Serodia TP-PA may be reactive in persons from areas endemic for yaws or pinta.

Serodia TP-PA performs best in populations at risk for T pallidum infection.

False-positive or inconclusive results for this assay may be seen in patients with HIV, leprosy, toxoplasmosis, or Helicobacter pylori.

Supportive Data

Accuracy:
The Treponema pallidum particle agglutination (TP-PA) assay was compared to the BioPlex 2200 syphilis IgG multiplex flow immunoassays (MFI) assay using 1,200 serum specimens (1,100 prospective and 100 previously characterized sera). The results are summarized in Table 2:

Table 2. Comparison of the BioPlex 2200 syphilis IgG and TP-PA assays using serum samples (n=1,200)


BioPlex syphilis IgG MFI assay
Fujirebio
TP-PA

Positive Negative No result
Positive 101 3 0
Negative 11 1083 1
Indeterminate 0 1 0

Sensitivity = 90.18%; (95% confidence interval, 83.15%-94.61%)
Specificity = 99.6%; (95% confidence interval, 99.0%-99.9%)
Overall percent agreement = 98.7%; (95% confidence interval, 96.3%-100%)

All discrepant samples tested negative by rapid plasma reagin (RPR)

Precision:
For interassay precision, 1 negative (TP-PA titer <1:80), 1 low-positive (1:80), 1 mid-positive (1:320), and 1 high-positive (1:1280) serum specimen were tested by TP-PA over 10 separate days and showed 100% agreement with the expected result for each category of results.

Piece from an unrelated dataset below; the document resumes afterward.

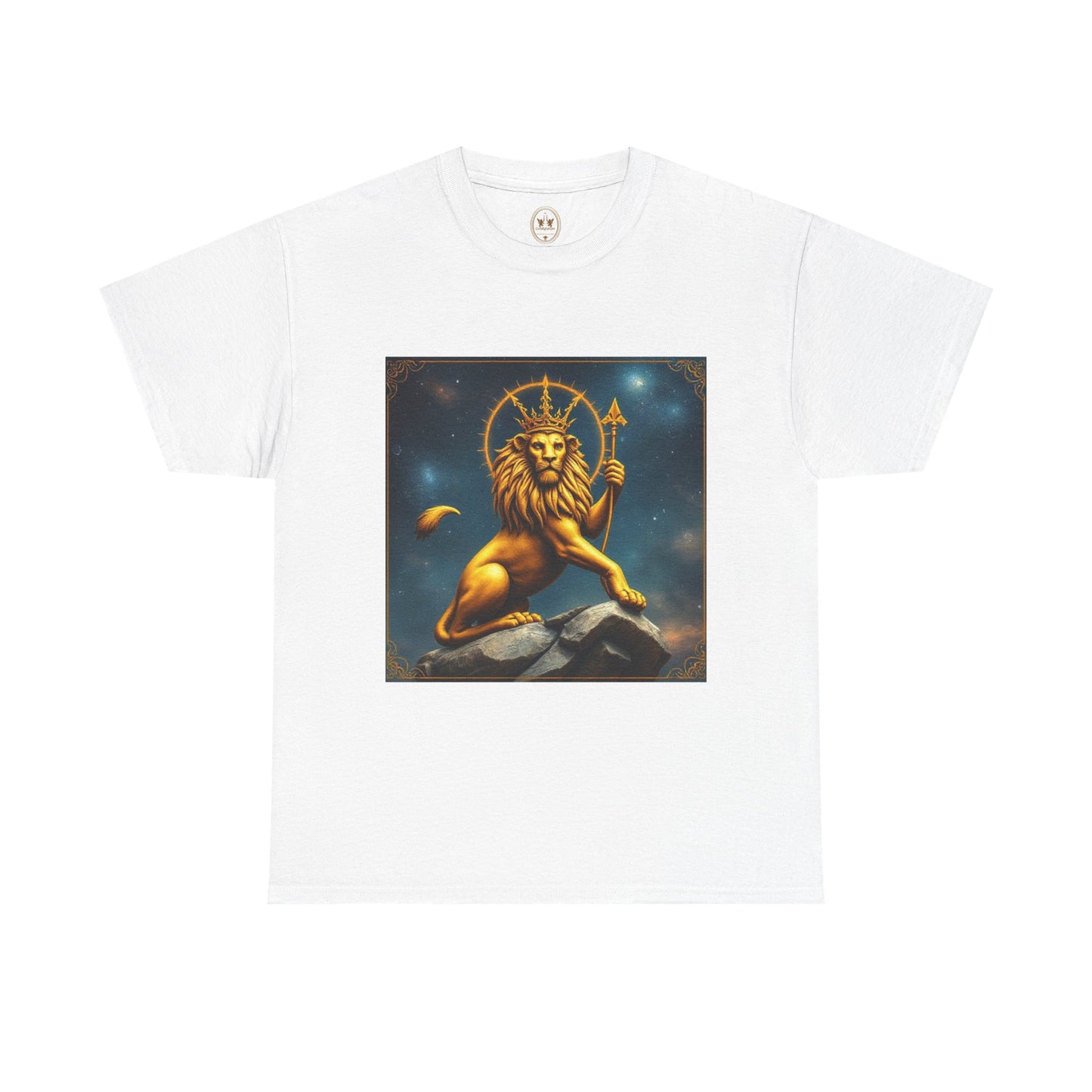 Unisex Heavy Cotton T-Shirt, King of Lions, Leo Zodiac Design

For intraassay precision, a negative, low-positive, and high-positive serum specimen were tested 20 times in a single run and showed 100% agreement for each category of results.

Reference Range:
The expected result is negative for this test. To validate reference range, testing of sera collected from 50 healthy blood donors showed a reactive rate of 2% (1/50) by TP-PA. The positive sample was also determined to be positive by the BioPlex syphilis IgG assay.


Reportable Range:
The TP-PA is reported as positive, negative, or indeterminate.

Analytic Specificity:
Testing of sera (n=58) known to be positive for antibodies to other microorganisms/conditions (n =30) or from pregnant females (n=28) showed a positive rate of 0% (0/58) by TP-PA. See Table 3 for a list of samples included in the cross-reactivity panel.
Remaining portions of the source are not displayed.